Weeds grow at certain temperatures. That growth slows as temperatures drop. However, if we wait too long and the ground temperature falls below a certain temperature, the weeds’ root structures go into dormancy which makes them resistant to pre-emergent treatments. Ideally, we want to apply our treatments when the soil reaches about 70?. This is when the weed roots have begun to emerge and they are still soaking up nutrients so they will last through the winter. It is also before they’ve had a chance to germinate. 

Bottom line: Germination makes weeds much harder to control. 

There are a lot of weeds that can affect our lawns here in North Texas including clover, dandelions, and crabgrass. But in Fall/Winter, the weeds we need to be most wary of are bluegrass, henbit, and chickweed. And sure, you could always wait until Spring and pick your weeds out one by one by hand, but if you want to save yourself (and your back) some hardship, it’s best to consider a pre-emergent treatment. 

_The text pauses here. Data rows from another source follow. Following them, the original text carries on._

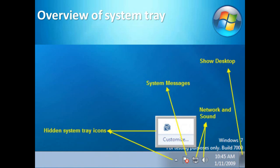After that, show desktop, just at the right-hand side. And if we are going to click on it, then we can go directly to the desktop. So this is a basic overview of our system tray.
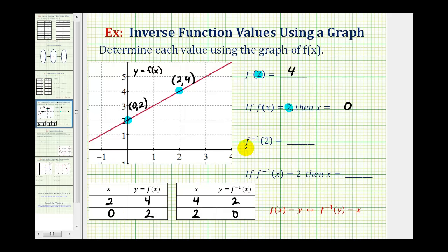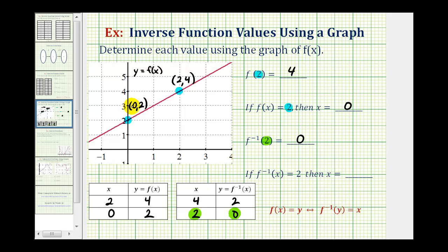Looking at these last two, to evaluate f inverse of two, we need to recognize that this two here is the input into the inverse function, and we want to determine the output or function value. So looking at this table of values for the inverse function, notice when the input is two, or x equals two, the output is zero. So f inverse of two is equal to zero. If we wanted to find this value using the graph, we'd have to recognize that for the inverse function, this y coordinate or function value would be the input, and the x coordinate or zero would actually be the output. And that can be a little tricky at first, and that's why it's often helpful to record the information about the inverse function in a different table.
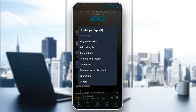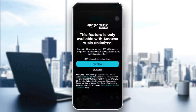So just go ahead and click on it. Right here, you're going to find the option to download it, play similar music, add to playlists, go to album, remove from playlists, go to artists, and so on. So just go ahead and click on download. As you can see, right here you're going to find this message that says this feature is only available with Amazon Music Unlimited. So basically, in order to be able to download a song from Amazon Music, you need to have the unlimited plan.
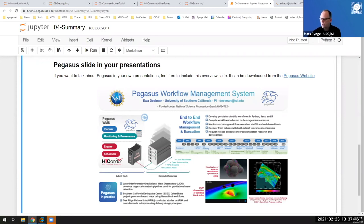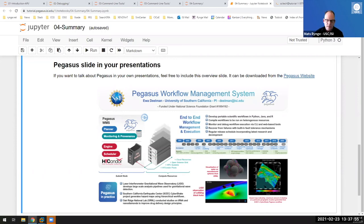When you start publishing work that used Pegasus, please consider citing and acknowledging Pegasus. The preferred citation with grant numbers is on the Pegasus website. There's also a generic overview slide available on the website you can copy and paste into talks at your institution or collaboration. With that, I'm ending the tutorial. I'll stick around for questions for about 10 more minutes. Thank you for listening.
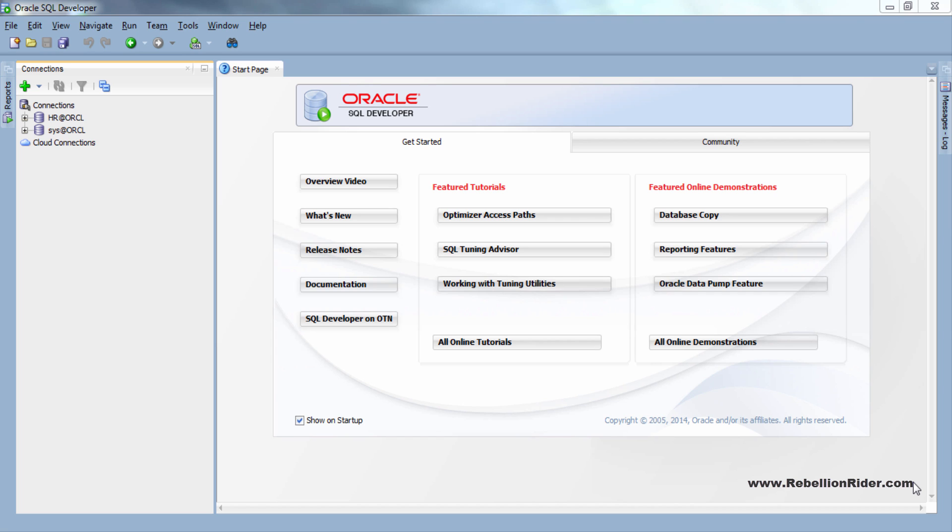What's up internet? As always I am Manish from rebellionrider.com and I am back with another Oracle database tutorial. In this tutorial we will learn how to create tablespace using SQL Developer tool.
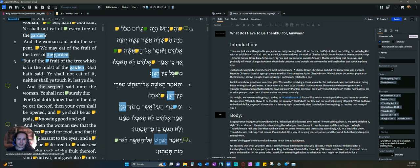The print export feature, just take command or control P and you're able to take whatever you have there in Logos and get it into a physical form. Really awesome. Hope that helps you.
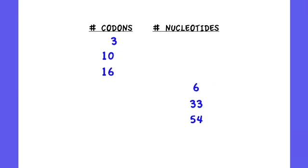So as a question, it's possible for you to be given the number of codons and to be asked the number of nucleotides or vice versa. Each codon should have three nucleotides associated with it, so multiply by three. Three codons, nine nucleotides.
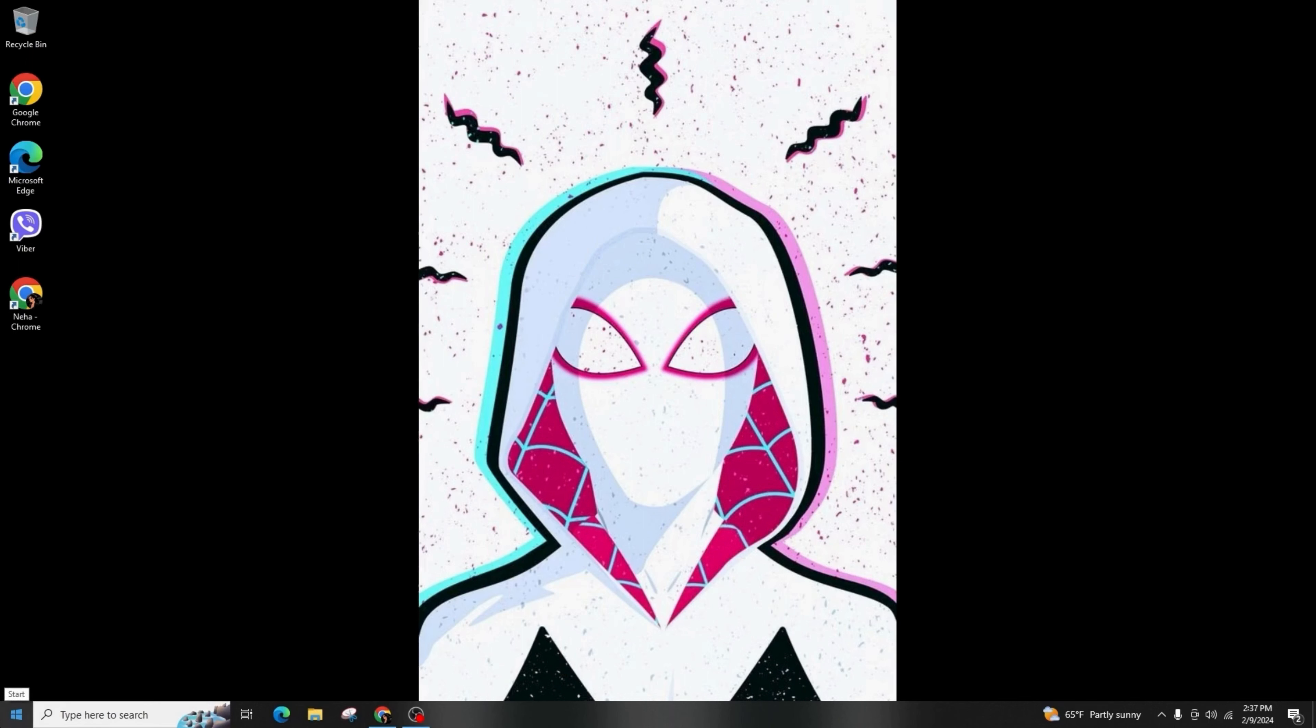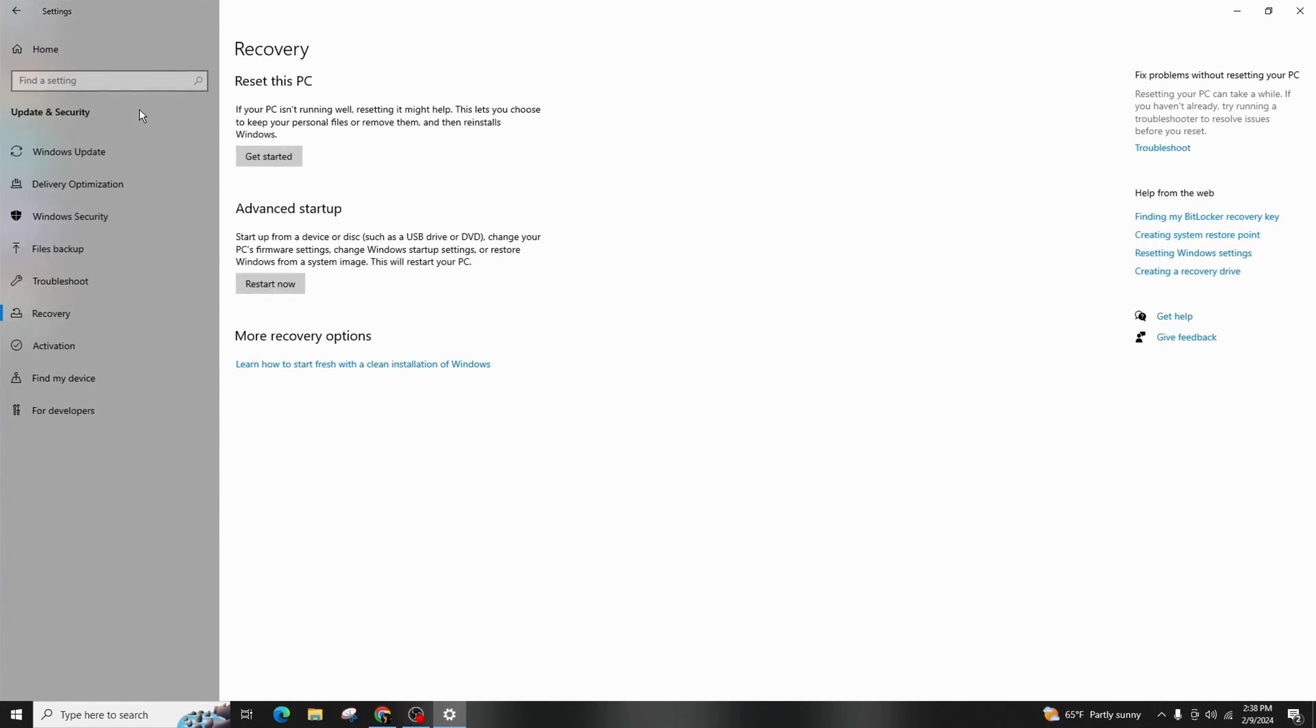In the settings, go to the left hand side and tap on system. Now, search for a recovery option. Here, you will find the option of reset this PC at the top and simply select get started.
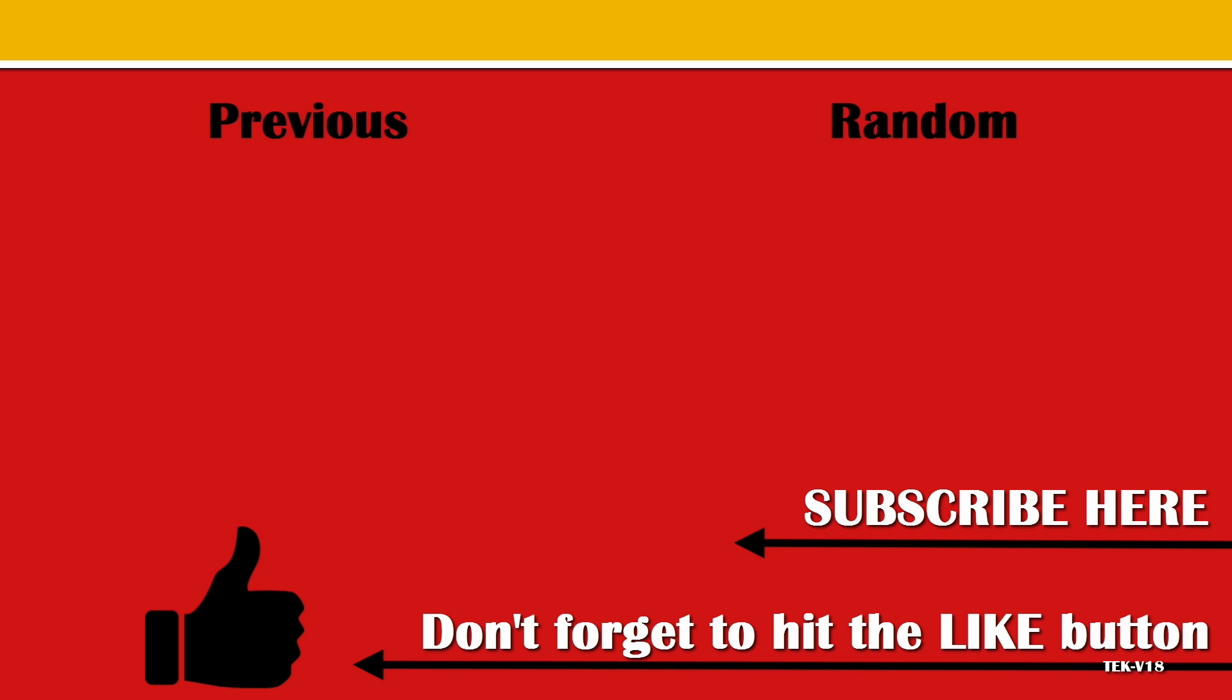Hit the like button if you like my work, subscribe to my channel if you haven't already, and thanks.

Two Types of Pre-Emergent Controls

There are two ways to control pre-emergents: root inhibitors and germination inhibitors. We’re so gung-ho over here at College Fund Landscaping, we use both depending on the time of year.  In the Fall, root inhibitors work best. 

Root inhibitors dig deep into weed seeds and interrupt the ability of their cells to divide. This prevents the weeds from spreading their roots. Without roots, the weed plants cannot grow. This chemical treatment is especially effective because it does not allow weed seeds to germinate and potentially spread more weeds around an otherwise healthy lawn. 

In Spring, we apply the other type of pre-emergent control, germination inhibitors. These work similarly to alter the cellular structure of the pre-emergent weed, this time preventing the weed from germinating. This strips the weed of nutrients and causes the roots to wither and die. 

A Multi-Pronged Approach

The best way to think about your lawn is that it is in a constant struggle for survival. Lawns grow from healthy soil, and weeds are consistently going to struggle to muscle their way in. In order to ensure your lawn wins the long battle, it is important that you bring in some allies. 

College Fund Landscaping works hard to make sure your lawn stays strong all year round. To achieve this, we use multiple applications of pre-emergent treatments at various times during the year. Each treatment, whether it is a root inhibitor or a germination inhibition, is specially chosen based on the behavior of the pre-emerging weed. We stop them whether they are trying to germinate or spread roots. We provide the backup you need so your lawn stays healthy and happy all year.

One thing that is important to note is that pre-emergent treatments will vary slightly depending on the makeup of your lawn. St. Augustine and Zoysia grasses need a lighter mix than the more sturdy Bermuda grass. Generally, unless you have time to do the research to ensure your pre-emergent treatments are only killing the weeds in that lovely green lawn of yours, it is best to leave it to the experts.